Single-concept Queries

"Define machine learning"
(Direct definition, no sub-aspects needed)

Time-sensitive Queries

"What's the current stock price of NVIDIA?"
(Real-time data, decomposition adds latency)

Highly Specific Technical Questions

"What's the syntax for creating a Python dictionary?"
(Specific syntax, no multiple perspectives needed)

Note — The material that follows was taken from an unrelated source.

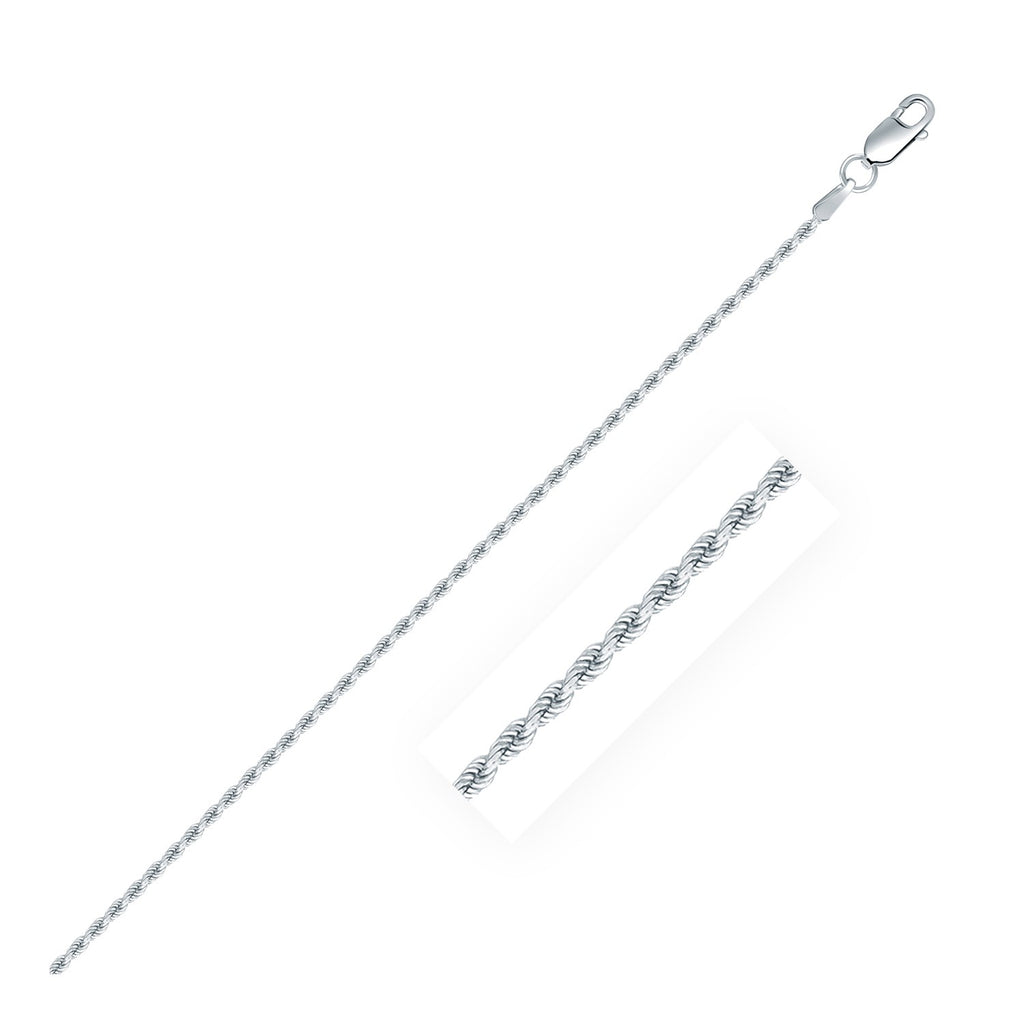 Sterling Silver Diamond Cut Rope Chain Necklace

How Query Decomposition Works#

To visualize how query decomposition works, see the diagram below:

_images/query_decomposition.jpeg — Query Decomposition Flow — The system breaks down a complex query into subqueries, processes each iteratively, and synthesizes a comprehensive answer.#

Core Algorithm#

Subquery Generation: Break down into focused questions
Iterative Processing: For each recursion depth:
- Process each subquery independently
- Rewrite queries with accumulated context
- Retrieve and rank relevant documents
- Generate focused answers
- Collect contexts for synthesis
Follow-up Generation: Create follow-up questions for information missing from original query
Termination Check: Stop if no follow-up needed or max depth reached
Final Synthesis: Generate comprehensive response from all contexts and conversation

Important

Query decomposition is not available for direct LLM calls (when use_kb=false). This feature requires the knowledge base integration to process subqueries and retrieve relevant documents. For direct LLM interactions, queries are processed without decomposition.